Deux fois sur trois, il s’agira d’un garçon en obésité et en période pubertaire mais ne pas se limiter à ce tableau.

La difficulté est liée à des tableaux non typiques (formes chroniques progressives, profil de patient différent), typiquement la jeune fille svelte et sportive chez qui personne ne suspecte ce type de diagnostic qui rappelle toujours le classique morphotype du gros garçon en retard pubertaire. De ce fait, et pour éviter le classique retard au diagnostic qui à ce jour en France est de deux à trois mois ( !), nous retenons cet adage :

 

TOUTE BOITERIE ET/OU TOUTE DOULEUR DE HANCHE OU DE GENOU CHEZ LE PREADOLESCENT OU L’ADOLESCENT EST UNE EPIPHYSIOLYSE JUSQU’A PREUVE DU CONTRAIRE

 

Le diagnostic est amené par la radiographie standard de face et surtout de profil chirurgical des deux hanches pour objectiver le déplacement épiphysaire.

 

 

4.     Les autres causes

 

En dehors des ces motifs développés ci dessus, il y a d’autres diagnostics à évoquer

 

Traumatismes

Luxation congénitale de hanche

Arthrite rhumatismale

Tumeurs osseuses

Maladies neuro musculaires

Apophysites de croissance

Causes rares (hémopathies, chondromatose)

 

 

5.     Conclusion

 

Ne jamais négliger un examen clinique complet

La hantise : l’infection ostéo-articulaire

Les urgences : l’infection bactérienne, l’épiphysiolyse.
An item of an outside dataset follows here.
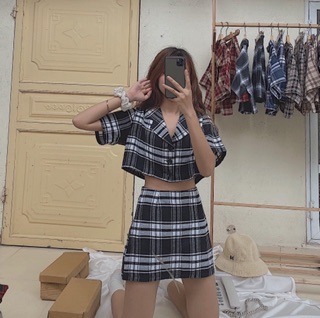 Set áo vest chân váy kẻ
Se méfier de douleurs atypiques, de douleurs nocturnes.

 

 

Diagnostic d’une boiterie en urgence :

 

Si fièvre :

-       Infection ostéo-articulaire = urgence

-       Si doute adresser pour ponction

-       Si synovite aigue : repos 48 h et réévaluation du diagnostic

 

Si absence de fièvre :

-       moins de deux ans : traumatisme, fracture sous périoste

-       entre trois et huit ans : synovite aigue transitoire, ostéochondrite

-       après 8 ans épiphysiolyse

 

 

Références :

 

[1] indications de la radiographie du bassin - HAS

www.has-sante.fr/portail/jcms/c.../rapport-indications-de-la-radiographie-du-bassin

 

[2] Cadilhac, C. « [Lameness in children: diagnostic process] ». Archives De Pediatrie: Organe Officiel De La Societe Francaise De Pediatrie 12, no 1 (janvier 2005): 8895. doi:10.1016/j.arcped.2004.02.028.